While thinking about this idea, I mainly asked myself: should you keep making art, and why would someone buy it? As artists, it is our job to be dedicated creatives to hold a mirror up to society. We do not merely love to create we are in the field of grabbing the attention of audiences in a very personal, artistic way. This attention allows people to see our most crafted perspectives. This craft is a lifetime of sacrifice, practice, and investment in hopes that there will be a trade off for your art making, which is being able to continue to be impactful and creative in your artistic field —and, of course, to pay the bills. The art market and its consumers as it stands are very closed to traditional forms of exhibitions, expensive pricing, and a small group of buyers able to afford and invest in art. This may seem intimidating to both artists and consumers but we as consumers should buy from up and coming artists at affordable prices to invest in their well being and pursuit to be creative in society. I believe the trade off of buying art with the money you work for is that art plays a crucial role in helping heal people psychologically/physically, solving problems in society, and being an asset to our economy. When you buy an artists work, and have a personal perspective of someone else, you are encouraged to build empathy towards them, other people and maybe even the larger world. Your investing the money you work for in to something that plays a crucial role in the lives of people in a fair and thriving social system.  
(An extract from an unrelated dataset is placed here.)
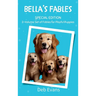 Bella's Fables Special Edition: Classic Stories for Playful Pups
To sum up my idea: the consumer buys art, the artists makes money to create an economy for their creative field, stabilizing their livelihood as an artist, art will encourage empathy and help lives, and this will lead to a society making more fair, humanistic, and moral/ethical decisions. Hopefully enough consumers set aside money for art and art will become more affordable/accesible, leading to enough money consistently rolling in for dedicated up and coming artists to continue their work and have greater audience to exhibit to. Up and coming artists could then hire and buy more to meet their demands, employ/mentor other artist in the business of their traits, which will mean more exhibits and performances will be in demand for curation in a variety of settings, and hopefully we can begin to see more programs, governments, and businesses begin to invest in and subsidize our artists as well.

So, I urge all you artists and those in the field of art, keep going and for everyone to buy a piece from an up and coming artist at least once. It’s really fun to go to exhibits looking for a piece or experience, you learn a lot about different artists and their perspectives as you go. Don’t feel intimidated by the big money art world, there are more walls and spaces to show or perform in than the traditional settings that can be greatly meaningful to the audience. Make zines, create websites, find empty spaces and walls in your community to exhibit or perform in, there are many different ways to curate and exhibit for profit! Budget, collaborate, trade, perform, practice and be yourself, truly, there is no one who can make your art; that’s why your an artist, and that’s why it’s important for you and us to create a thriving field for you. Buy art, it’ll make you a more happy and open person because behind every artist is the power to manifest love, compassion, thought, creativity and all the essentials for a thriving, innovative, peaceful, fair, and trusting future for yourself and others.